On Tue, Aug 17, 2010 at 9:34 PM, thomasV1@gmx.de wrote:
This is a wonderful feature I didn't know about until now. But it was not what I'm looking for. In computational linguistics and natural language processing (NLP), a "text aligner" is a piece of software that identifies which words and phrases correspond to which in a translation. The input is a translated text and the output is a dictionary. It's like a more advanced "diff" tool.
This extension is not working well. It requires users to manually insert tags in the text, that are used by the extension in order to align the text.
This approach has failed, because: *adding tags to the text is difficult. *the method requires coordination between subdomains. This is difficult to obtain, as you can see here: http://en.wikisource.org/wiki/Crito?match=it
I think the doublewiki extension needs to ignore UI blocks in the content of the page, such as the header & footer template, which would mean that there are less non-textual differences between sub-domains.
The lack of coordination is 'fixable', especially if there is some grand goal we share.
Maybe we need to start a meta project to get this working, pick a few text which are available in a few languages, and focus our attention on getting one text that can be used as a demo for others to follow.
*the tags are often deleted because they are not self-explanatory enough *the alignment is sensitive to text formatting. Since most users do not know how the extension works, they destroy the alignment when they modify a page.
We may be able to automate the sync points in mainspace by adding sync points in the footers of the page namespace, where they are less susceptible to breakage, or in the body of the page namespace for precise sync points.
http://it.wikisource.org/wiki/Pagina:Critone.djvu/27?match=fr http://fr.wikisource.org/wiki/Page:Platon_-_%C5%92uvres,_trad._Cousin,_I_et_...
I expect that having hand-coded alignment at the page level will help any free 'automatic' tools, as they will have smaller chunks to work with, and any errors will be limited to a few paragraphs.

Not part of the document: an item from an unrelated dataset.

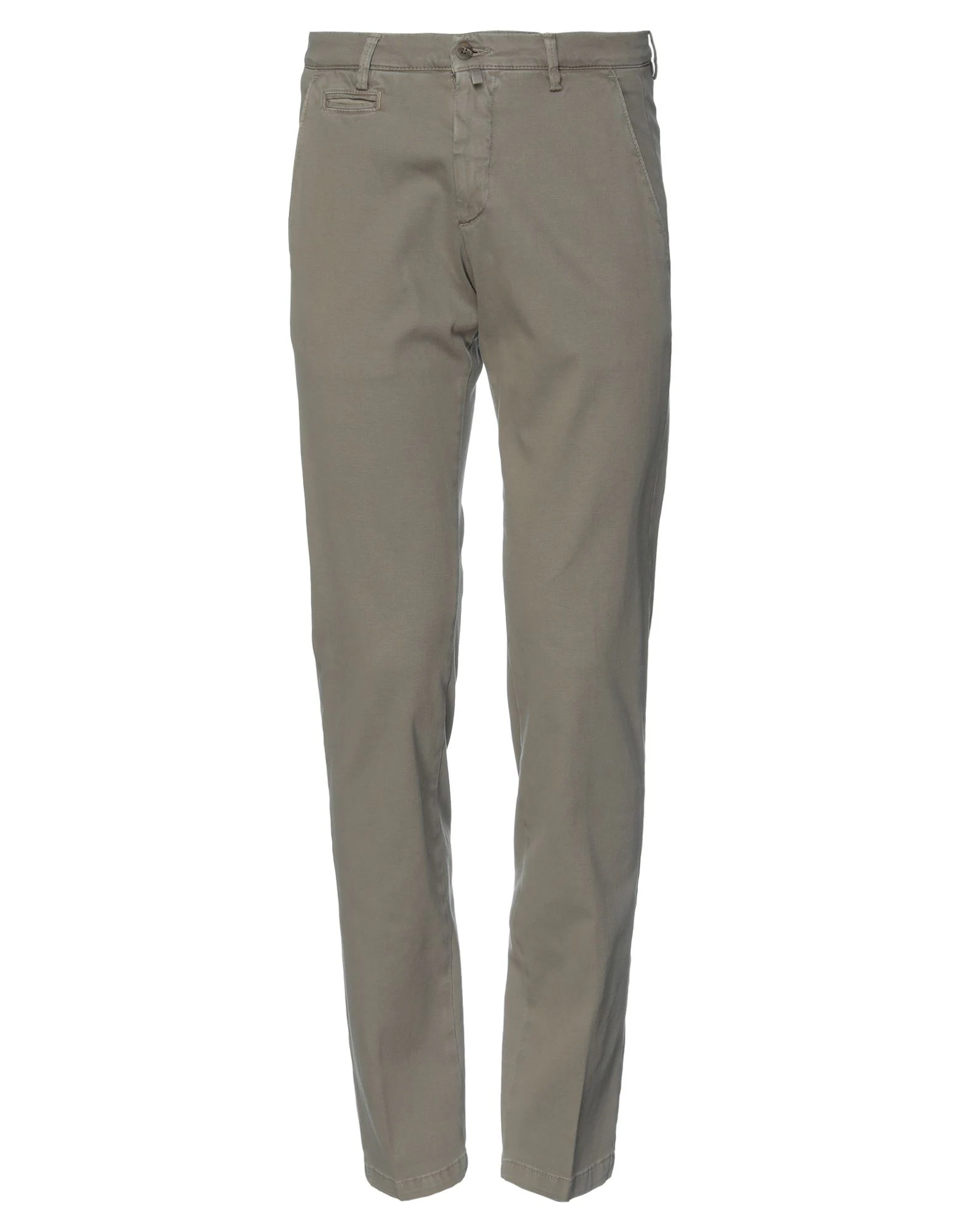 BRIGLIA 1949 Повседневные брюки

So I guess it would be better to remove all the alignment code from this extension, and to use an automated method for that. A text aligner, as you mention, could be running on the toolserver and called using ajax. Are there good free software text aligners?
Lars mentioned three which are all sf.net projects: NAtools,TagAligner, and Bitextor
The last one looks really useful for our purposes:
http://bitextor.sourceforge.net/
If we could ask it to index all wikisource sub-domains at once, and it can guess which pages are translations across the sub-domains, it may be able to be fairly autonomous, and may even help us find translations which are not linked via interwikis.
-- John Vandenberg